### Problem to work on
The data below holds the lines to copy: everything from the line containing "Next Up Dresses" to the line containing "Jansport Black and", both ends included, set down exactly.

### Supplied entries
[Start of section]

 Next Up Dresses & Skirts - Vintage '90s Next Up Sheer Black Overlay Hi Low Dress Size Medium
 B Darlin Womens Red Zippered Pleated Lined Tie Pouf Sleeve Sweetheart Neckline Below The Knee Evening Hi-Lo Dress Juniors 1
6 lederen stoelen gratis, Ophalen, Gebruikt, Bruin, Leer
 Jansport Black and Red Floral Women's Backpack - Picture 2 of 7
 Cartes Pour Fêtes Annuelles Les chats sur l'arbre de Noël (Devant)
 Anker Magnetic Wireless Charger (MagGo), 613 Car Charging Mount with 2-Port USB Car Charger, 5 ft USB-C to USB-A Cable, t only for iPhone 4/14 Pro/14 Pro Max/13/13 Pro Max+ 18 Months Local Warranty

[End of section]
[Start of section]

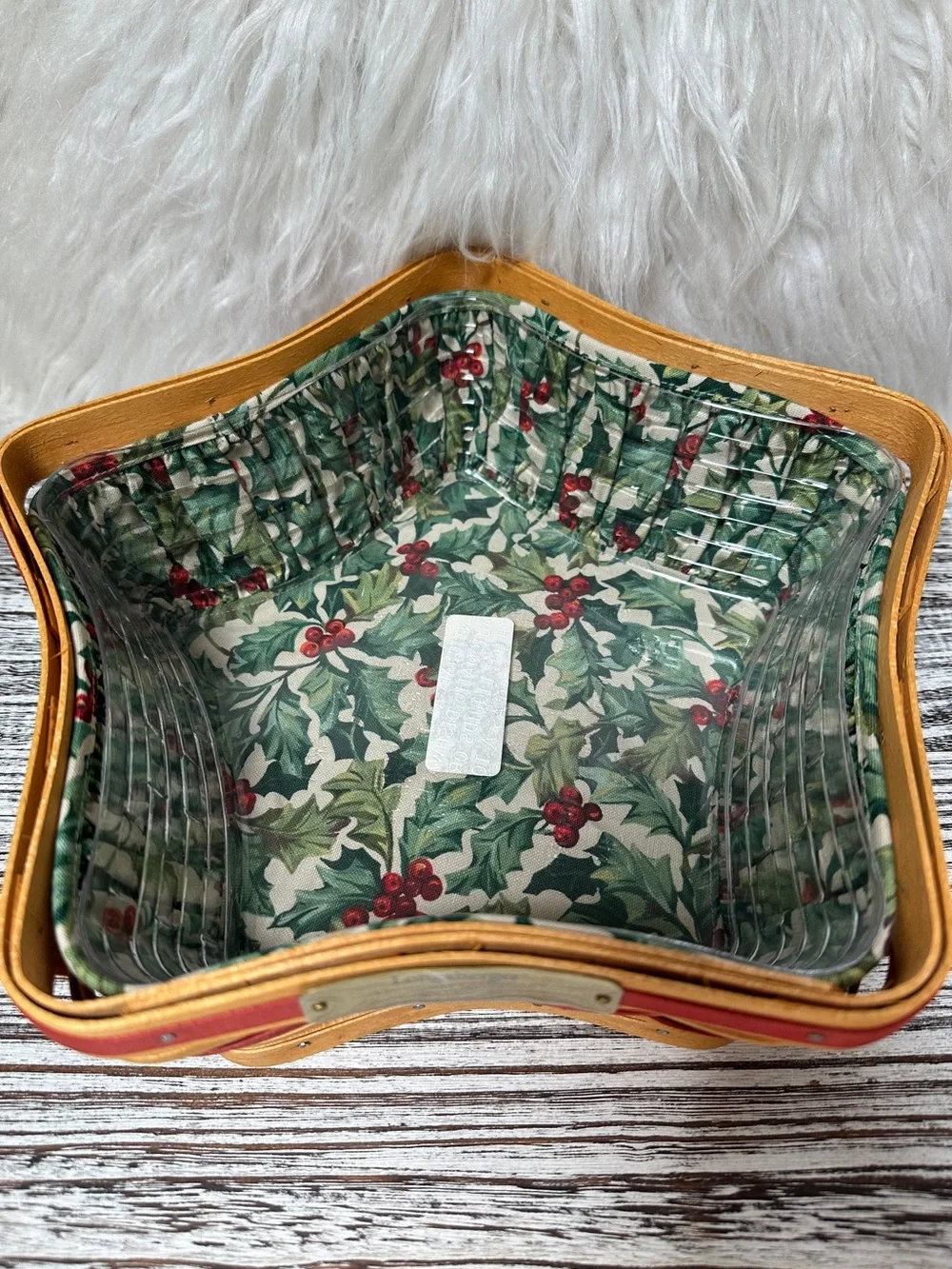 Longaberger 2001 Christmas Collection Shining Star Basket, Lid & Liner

[End of section]

### Response area
 Next Up Dresses & Skirts - Vintage '90s Next Up Sheer Black Overlay Hi Low Dress Size Medium
 B Darlin Womens Red Zippered Pleated Lined Tie Pouf Sleeve Sweetheart Neckline Below The Knee Evening Hi-Lo Dress Juniors 1
6 lederen stoelen gratis, Ophalen, Gebruikt, Bruin, Leer
 Jansport Black and Red Floral Women's Backpack - Picture 2 of 7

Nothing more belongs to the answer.